Wednesday, 28 May 2014


Spices for Pho Bo
"Vietnamese people believe good food is a gift to the mouth."  Fresh, top quality ingredients, sharp flavours, and a careful balance of textures and "heating" and "cooling" foods: this is the way to good health. So says Uyen, aka Leluu, food blogger, pioneer of London's supper clubs, cookery book writer and, today, host of our cookery class.
Preparing pork and quail's eggs under Uyen's watchful eye
To show us what she means, Uyen takes us through breakfast, snacks, lunch and dinner, all within the space of an afternoon of cooking and eating. She later guides us around a nearby Vietnamese supermarket showing how to source our own future meals.

Pho spices and stock bones
Pho is the iconic dish of Vietnam, and though every family knows that its version is the right one, it is a uniting force: the way the nation starts the day. As the body has "cooled" overnight, it needs this meat based broth to "heat" it to get ready to face the rigours of work.  The key is the creation of a high quality stock, to which is added bean sprouts, plenty of herbs, noodles, thinly sliced chilli and herbs, and slices of beef. Hot, soothing, full of flavour, we slurp our bowls of pho in quiet contemplation of the treats to come.
The Vietnamese are grazers: bustling street food stalls and tiny red stools fill every street and alleyway and are always busy serving quick snacks (pork skewers for example, or banh  mi - stuffed baguettes) to those on the move. Lemongrass beef in betel leaf are bite-sized flavour-packed morsels, and easy to make, but it's a good idea to get the whole family around the table to roll them up.

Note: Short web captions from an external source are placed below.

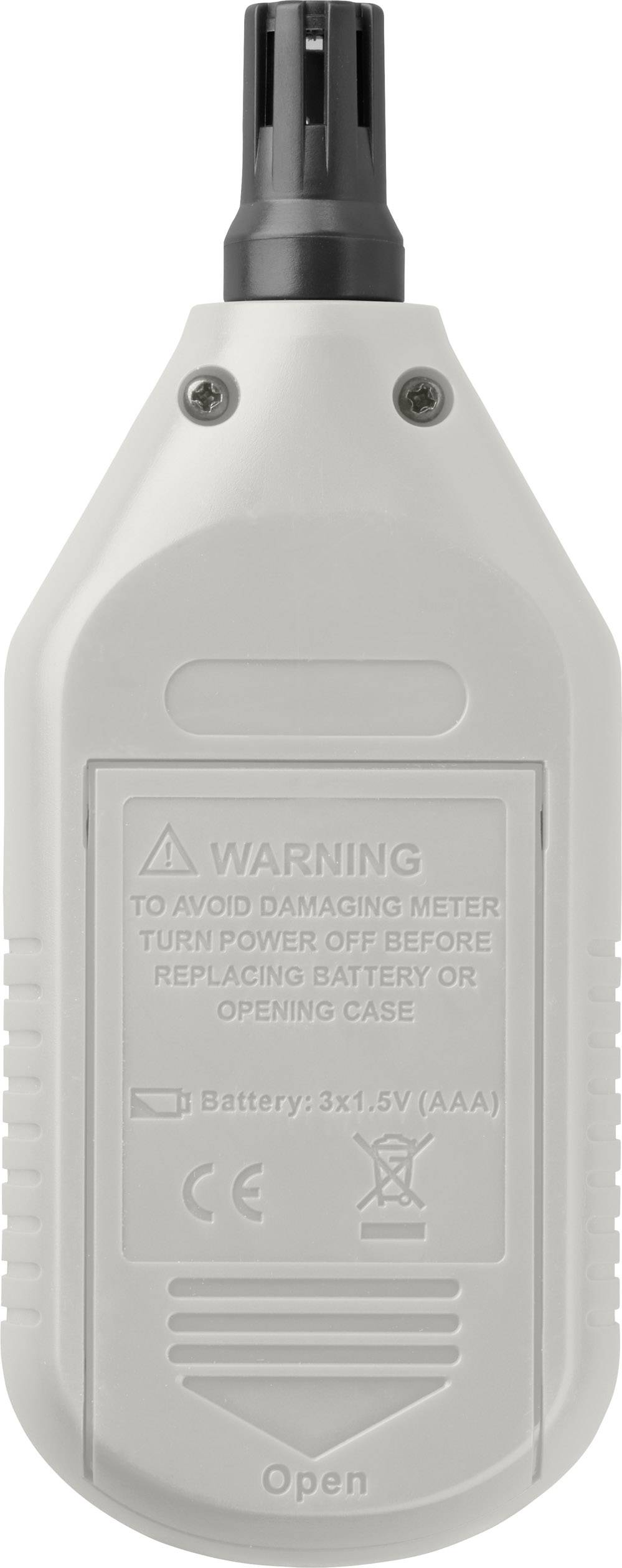 Grå-hvidt digitalt måleudstyrshus med ventilationssprækker. På bagsiden er der en advarsel om at slukke strømmen før batteriskift.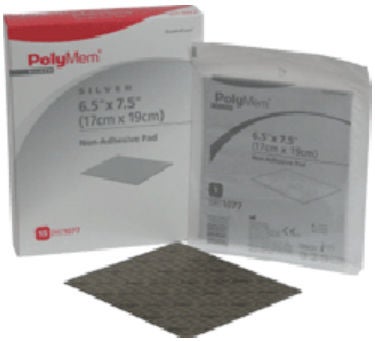 PolyMem Nonadhesive Silver Foam Dressing, 6 x 7 Inch MK 550401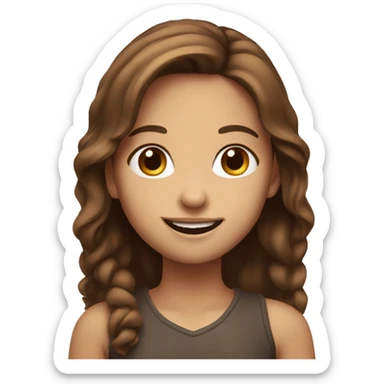 smiling girl with brown hair sticker
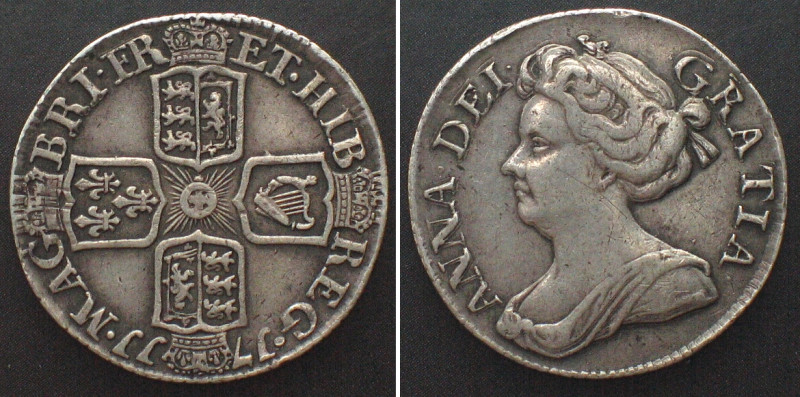 GREAT BRITAIN Sixpence 1711, ANNE, silver, VF+. KM# 522.1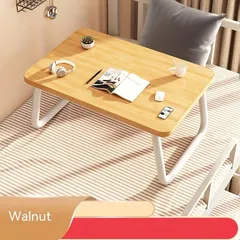 折りたたみテーブル 【安定性抜群】 ベッド・オフィス・リビング対応 多用途デスク コンパクト収納 在宅ワークにも【ウォールナット】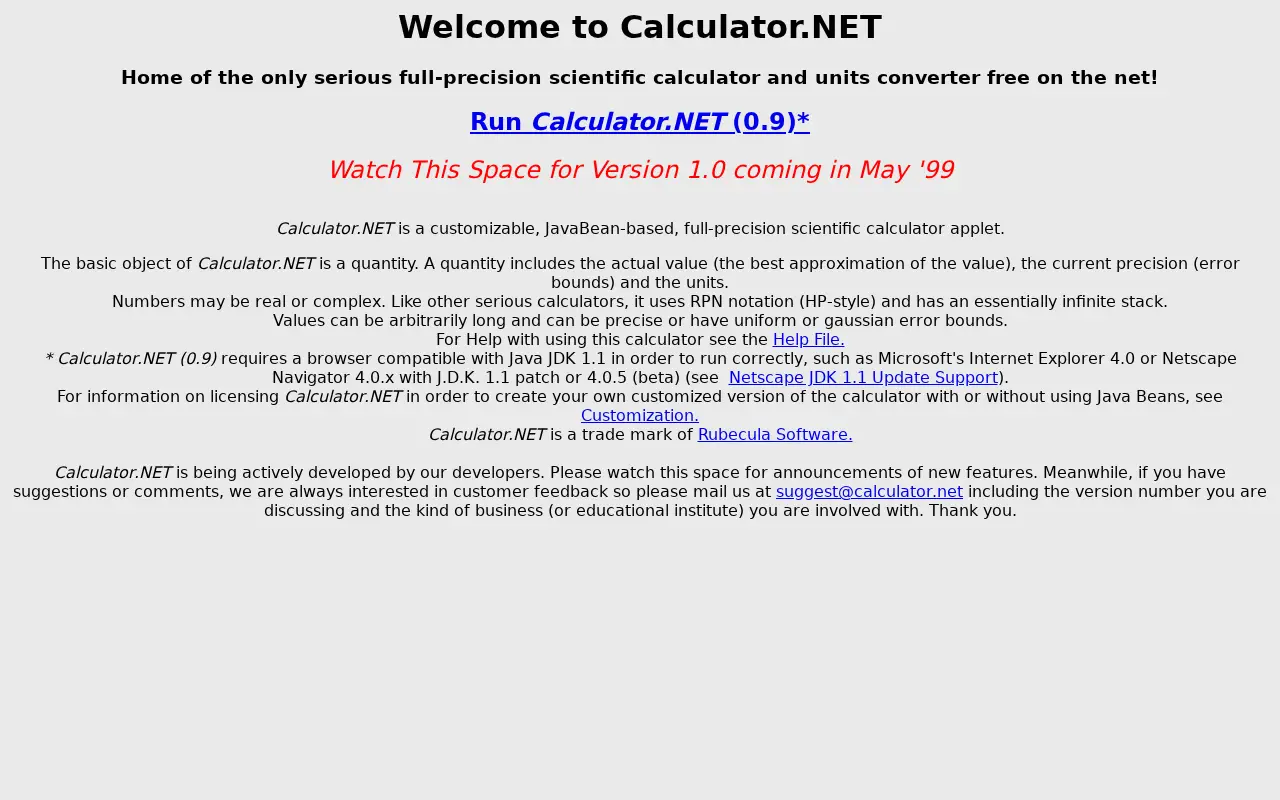 calculator.net in 1999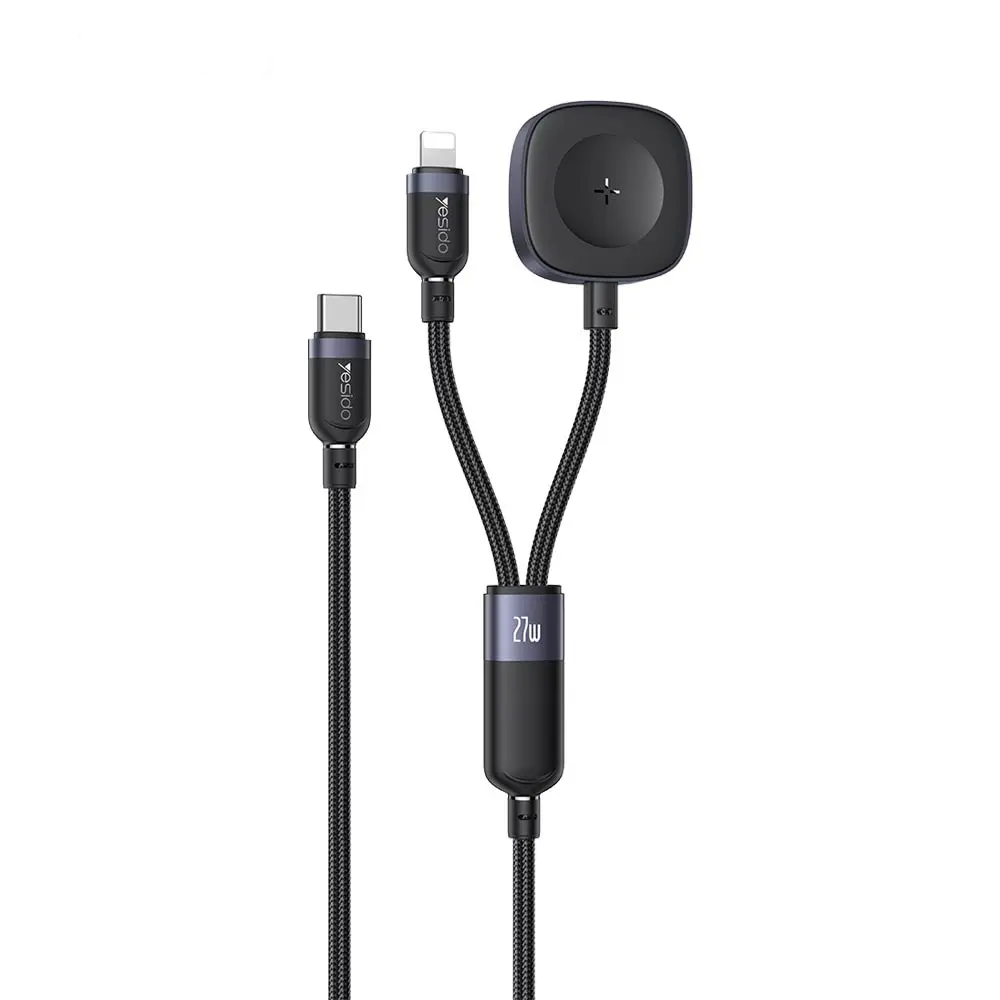 Câble de Charge Montre Connectée Yesido CA136L USB-C vers Lightning 27W + Pad de Charge 2.5W Noir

Lemongrass beef in Betel Leaf and Vietnamese Salad

As another quick snack, Uyen shows us how the prepare the light, herb-infused summer rolls that are ideal for a mouthful of intense flavour on the move through the markets. 
Uyen demonstrates summer rolls
The French influence is very evident in banh xeo (crepe-style wraps).  Fry some prawns and pork belly, add the rice-flour and coconut milk batter with some bean sprouts, and cover.  Fold the crisp pancake and serve with dipping sauce.

Making banh xeo
With our pork and quail's egg stew bubbling away and her mother getting a few more dishes ready for a final feast, Uyen takes us off to the supermarket and gives us a masterclass tour of the enormous range of Vietnamese ingredients available nowadays - many of them grown or made locally.
 Appetites sharpened by all the possibilities we have seen (and with bulging shopping bags), we return to a feast: the pork and quail's egg stew is ready, two fish dishes, winter melon soup with tofu, stir-fried morning glory.

Monday, 5 May 2014


Vanilla, egg, butter, sugar, lemon: these are the aromas that drift around the house as the Ciambellone is baking: it is the smell of Italy.  We were introduced to this cake by the doyenne of Italian supperclubs, Francesca
It is delicious.  And very easy to make.
100g melted butter
150g sugar
2 eggs
2 egg whites
50g tapioca flour (or potato flour)
150g plain flour
1 lemon
2 tsp baking powder
1 tsp vanilla essence

2 tbsp milk

Heat the oven to 180C. Grease the tin and flour it.
Whisk the melted butter and sugar until fluffy.  Add the eggs, one at a time, and continue whisking. Zest the lemons and add the zest to the mixture, and then add the vanilla essence; stir together well.
Whisk the egg whites until firm and set aside. Mix together the plain flour, the potato flour and the baking powder, and sift into the egg mixture and beat together. Add the milk to create a runnier texture.
Using a metal spoon, fold in the beaten egg whites until they are well mixed in. Pour the mixture into the tin. Bake in the oven 25 minutes. When cooked, turn out the cake onto a rack. Dust the top with icing sugar.

If you can, leave it to cool before eating, with an espresso of course (though it goes just as well with tea in the afternoon). Serve with whipped cream or mascarpone and a spoonful of tart gooseberry compote.